ANITA BONNARENS

ethical Documentary photographer and Visual Storyteller committed to disrupting stereotypes, unlearning bias, and empowering new narratives.

The Gift That Shaped My Storytelling

The story behind the Mystery boy.

A young boy sitting at a desk with a contemplative expression, in a dimly lit room with a plain, textured wall in the background.

In 2016, I was travelling with Photographers Without Borders’ Storytelling School in Cambodia. While visiting the local Angkor Tree School, I stepped away from the group to photograph an empty classroom. As I adjusted my camera settings, I looked up, and there he was. A young boy, sitting quietly at a wooden desk, his face turned toward the soft morning light filtering through a half-open window. His chin lifted, his left arm and hand resting beside him. I didn’t move. I raised my camera and took a single frame. I glanced down at my screen, and when I looked up again, he was gone. I never saw or heard him enter the room, nor did I see him leave it. Later, when I showed the photo to the local staff, they told me he wasn’t a student of the school. Perhaps the son of a construction worker, they said. They also told me his right eye was blind. Why he came, why he posed himself in that light, I will never know. His story remains his own.

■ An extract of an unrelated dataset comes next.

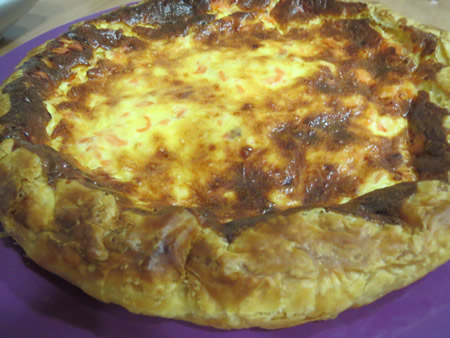 Quiche o tarta salada de salmón ahumado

Yet in the silence he left behind, a quiet paradox revealed itself: though his story stayed untold, it gifted me one of my own. The story behind this image became the story I live today as a visual storyteller. This single frame was a quiet offering of trust, teaching me that meaningful images aren’t chased or forced but unfold when you show up with presence, openness, and care. This is how I want to carry my camera: With respect for the people I meet. With openness to what is naturally shared. With trust in moments unfolding. And with the understanding that sometimes, one true image is enough.

It’s this same mindful approach I bring to every collaboration with NGOs and community organizations—one grounded in respect for privacy and dignity, collaborative image-making, and empowering rather than extractive representation. Everything is consent-led and trauma-informed, so participants feel safe and in control, allowing the visuals to remain honest, human-centred, and true to both the story and the cause.